Decision Under Review
[11] The Visa Officer refused the application on the basis there was
insufficient information to establish the Applicant had the acquired the
necessary experience as a nurse tutor pursuant to subsection 75(2) of the Regulations.
[12] The Officer wrote in her notes:
“PA has provided a copy of her
experience certificate for the position of Nursing Tutor which gives a
description of her duties at work. The certificate is signed by an unnamed
signatory. No other proof of employment is provided”.
and
“Based on the information on file
I am not satisfied that the PA has performed a substantial number of the main
duties of a Nursing Tutor, including all of the essential ones, for any years
full time within the period starting ten years before the date of the
application and ending at the date of the selection decision. PA has not
provided other supporting proof of her employment such as pay slips, ITR
documents, or bank statements showing salary deposits; she has not provided a
letter of appointment or letter of confirmation.”
[13] The Officer considered what was
available on the file and found:
[13]
“PA has provided a description of her duties on
her Schedule 3; these are an exact cut and paste of the NOC description for
this occupation.

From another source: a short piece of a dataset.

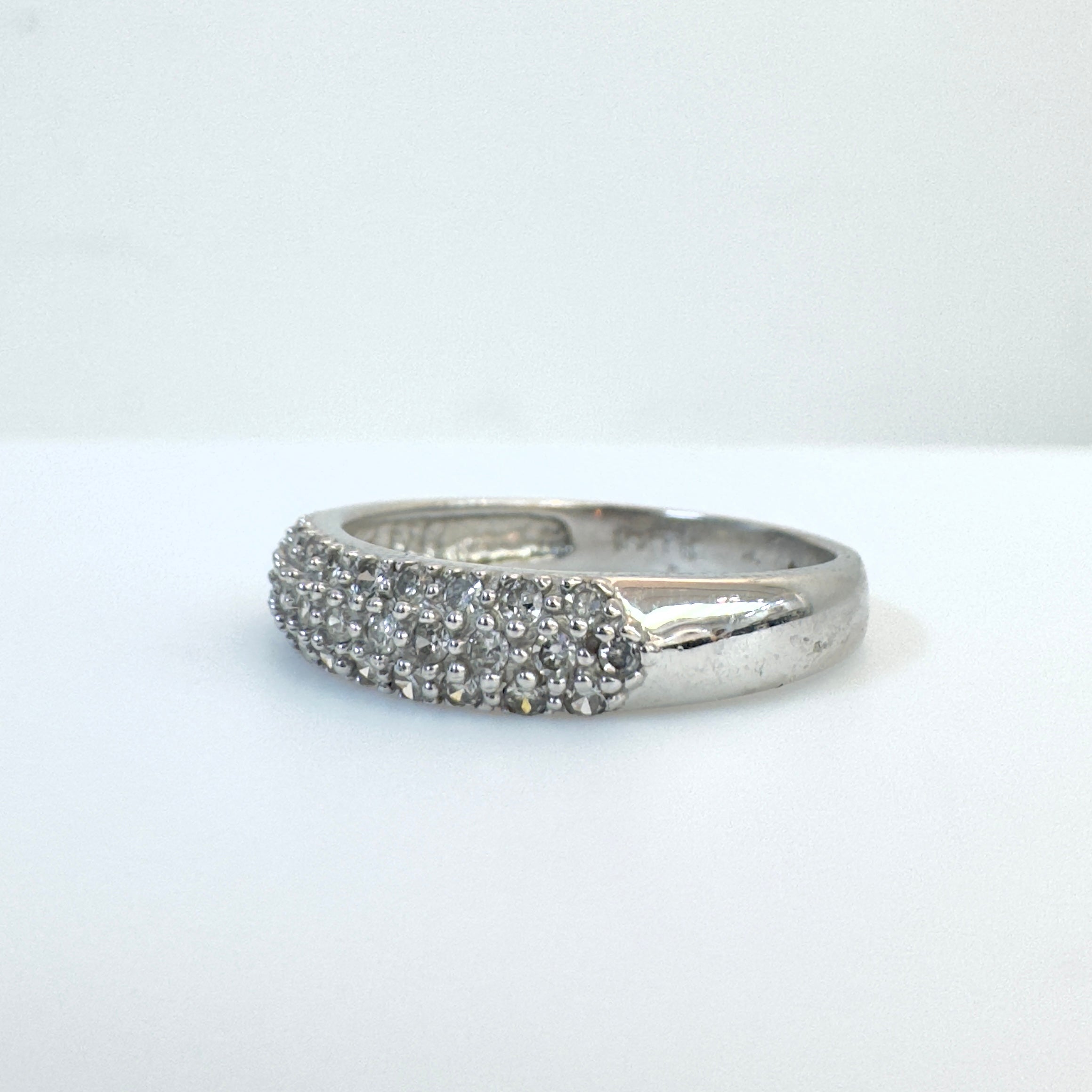 טבעת זהב לבן 14K משובצת יהלומים טבעיים 0.30 קראט צבע F נקיון VS מק"ט 794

I am not prepared to accept PA’s statement of her work
experience at face value in the absence of satisfactory supporting
documentation from the employer”.
[14] The Visa Officer refused the application for permanent resident
status as a skilled worker by a refusal letter dated August 5, 2009.
[15] When the Applicant requested an opportunity to provide further
information, the Visa Officer wrote on September 9, 2009 that the application
was concluded and there was no reconsideration once a case was refused.
Relevant Legislation
Immigration and Protection
Refugee Regulations, (SOR/2002-227)
|
|
75. (1) For the purposes of subsection 12(2) of the Act,
the federal skilled worker class is hereby prescribed as a class of persons
who are skilled workers and who may become permanent residents on the basis
of their ability to become economically established in Canada and who intend
to reside in a province other than the Province of Quebec.
Skilled workers
(2) A foreign national is a skilled worker if
(a) within the 10 years preceding the date of their
application for a permanent resident visa, they have at least one year of
continuous full-time employment experience, as described in subsection 80(7),
or the equivalent in continuous part-time employment in one or more
occupations, other than a restricted occupation, that are listed in Skill
Type 0 Management Occupations or Skill Level A or B of the National
Occupational Classification matrix;
(b) during that period of employment they performed the
actions described in the lead statement for the occupation as set out in the
occupational descriptions of the National Occupational Classification; and
(c) during that period of employment they performed a
substantial number of the main duties of the occupation as set out in the
occupational descriptions of the National Occupational Classification,
including all of the essential duties.
Minimal requirements
(3) If the foreign national
fails to meet the requirements of subsection (2), the application for a
permanent resident visa shall be refused and no further assessment is
required.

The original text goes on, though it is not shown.